Captioned web image data

- - - - -

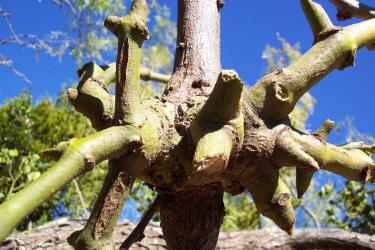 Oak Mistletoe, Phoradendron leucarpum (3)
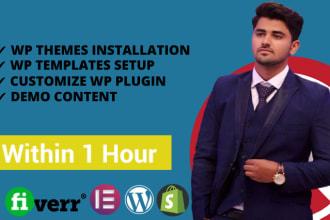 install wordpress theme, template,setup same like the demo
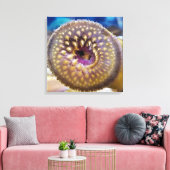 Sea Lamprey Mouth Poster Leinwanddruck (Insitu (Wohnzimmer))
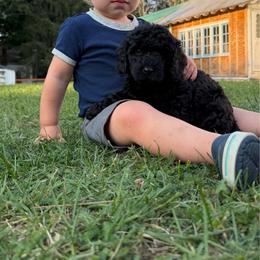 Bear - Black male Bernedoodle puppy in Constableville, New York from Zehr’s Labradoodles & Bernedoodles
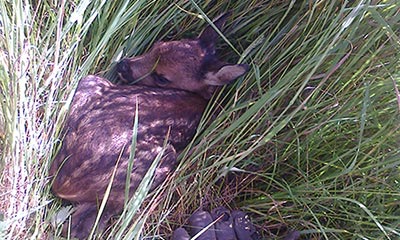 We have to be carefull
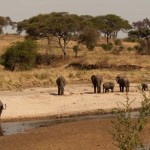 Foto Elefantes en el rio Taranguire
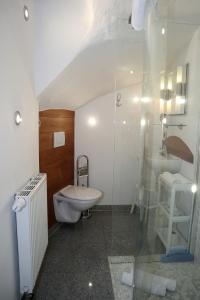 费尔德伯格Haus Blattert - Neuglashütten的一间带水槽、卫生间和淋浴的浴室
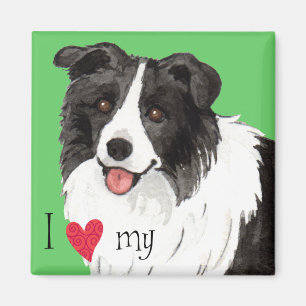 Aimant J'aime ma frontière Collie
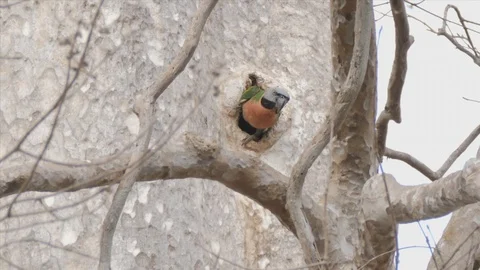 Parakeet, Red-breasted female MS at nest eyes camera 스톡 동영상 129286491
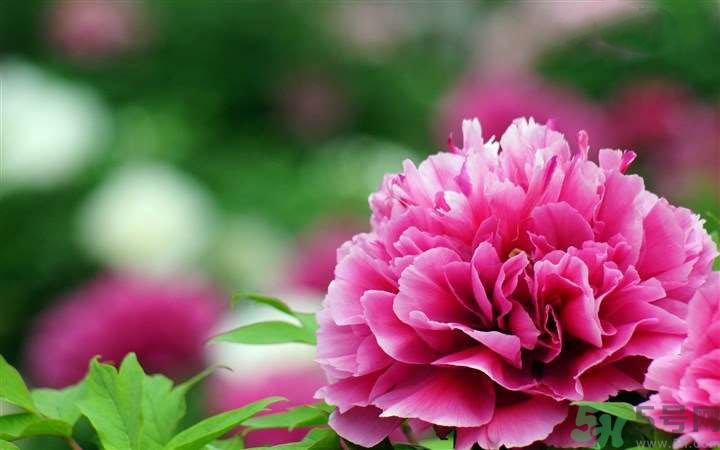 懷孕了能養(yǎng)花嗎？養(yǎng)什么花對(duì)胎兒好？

- - - - -

— WHAT YOU WILL DO —
Please write out exactly the lines starting at the one that contains "Bear - Black" and ending with the final line of the entries, both ends included. Do not write out any pictures.

— WORKED SOLUTION —
 Bear - Black male Bernedoodle puppy in Constableville, New York from Zehr’s Labradoodles & Bernedoodles
 We have to be carefull
 Foto Elefantes en el rio Taranguire
 费尔德伯格Haus Blattert - Neuglashütten的一间带水槽、卫生间和淋浴的浴室
 Aimant J'aime ma frontière Collie
 Parakeet, Red-breasted female MS at nest eyes camera 스톡 동영상 129286491
 懷孕了能養(yǎng)花嗎？養(yǎng)什么花對(duì)胎兒好？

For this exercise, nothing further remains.